Time dulled the heartache that Lauri and Jennifer suffered over Drake's leaving, though it was still prevalent if they were reminded of him. With the resilience of a child, Jennifer awoke the next morning chattering, excited over the snow, and eager to start a new day. As much for her own peace of mind as for Jennifer's, Lauri launched them into several projects that would be exhausting and fill the long hours of the day. They seemed to have multiplied since Drake left.
"I can't believe that he left you so soon after your wedding," Betty observed from her position on the kitchen stool. Lauri was supervising the making of popcorn balls. The children were sticky from their fingertips to their elbows and stuffing the gooey mess in their mouths before the hot syrup had time to cool.
Lauri parried the remark, shrugging her shoulders negligently and saying, "He has a job, Betty. He had to get back."
"I know, but you've got to admit, it's strange behavior for a man on his honeymoon."
But Drake's not really on his honeymoon, Lauri thought to herself as Betty reread The Scoop Sheet for the third time.

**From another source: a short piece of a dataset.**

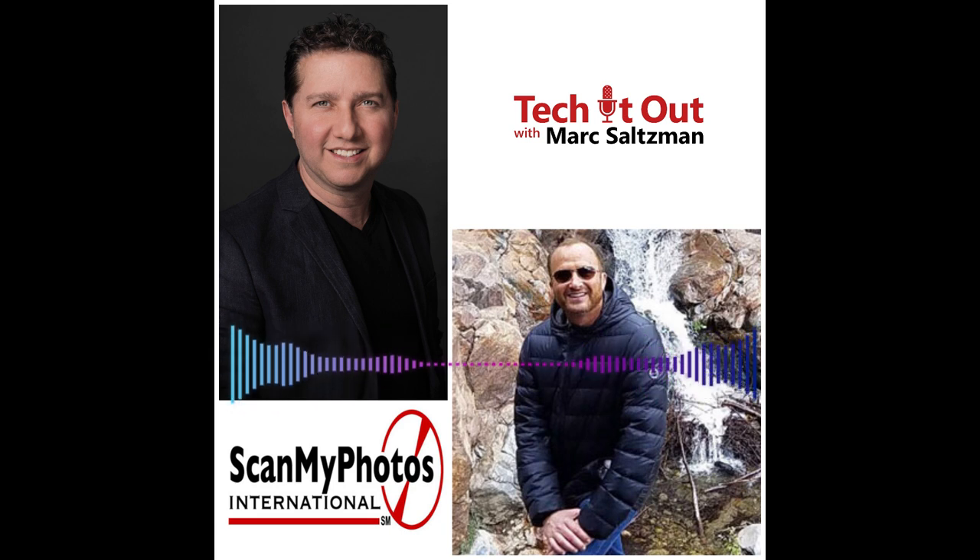No doubt you still have paper photos in your home, whether they're in photo albums, behind glass and picture frames, or maybe you've got a shoebox of loose memories. For the past 30-plus years, our next guest, Mitch Goldstone, CEO of ScanMyPhotos.com, has been digitizing your precious memories so you don't have to.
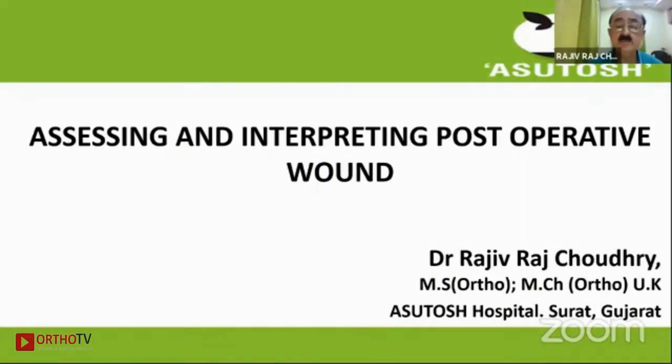Good evening everyone, and thank you very much Gajendra for giving me this opportunity to talk on a very important aspect of assessing and interpreting post-operative wounds. This is something that all orthopedic surgeons, right from the first, second, third month of their residency, are exposed to. Let's see how we should go about these things so that we don't miss anything.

She had purchased the magazine that morning while grocery shopping and rushed it over to Lauri. The laughing couple captured on the front page in glorious color was to Lauri an obscene mockery. She hadn't wanted to know what the article said, but Betty had read it aloud to her,
missing the tears that slid from Lauri's eyes and rolled down her face. What had Drake thought of the false story? Had he even seen it?
For some reason she couldn't name, Lauri didn't want to disclose that she and Drake weren't actually married. Betty would never understand the complexities of the situation and barrage her with questions too painful to answer. Like her parents, Betty would have to stay ignorant of the true state of affairs a while longer.
Sooner or later they would all know the truth. Lauri would feel like an absolute fool, but no more than she already did. In the days following their mock wedding she had almost convinced herself that Drake was as much in love with her as she with him. He couldn't have been more loving, more devoted to making her happy.
She should have remembered his occupation. He was paid a tremendous amount of money to convey emotions every day. His role bad demanded that he act like a loving newlywed, and he had played the part well. He had also been paid. Each night he had been paid in full on the king-size bed upstairs. That's all he had wanted from her in the first place.
Now she blushed furiously with anger and shame. He had told her at the beginning of their relationship what she could expect. Yet, she had deluded herself into thinking that she could change his need for her, could transform it into something deeper than physical longing.
It wasn't her aim to make him forget Susan. He would never forget, nor should he. Lauri only wanted him to be able to love again – to love her. She had thought she was about to succeed. Then she had seen his face as he looked down at the photographs of his first wife. The clothes strewn about the bedroom floor must have been vivid reminders of the woman who had worn them and danced in the satin shoes. His agony had been plain to see. Did he feel that he had betrayed Susan by sleeping with Lauri? Is that why he left?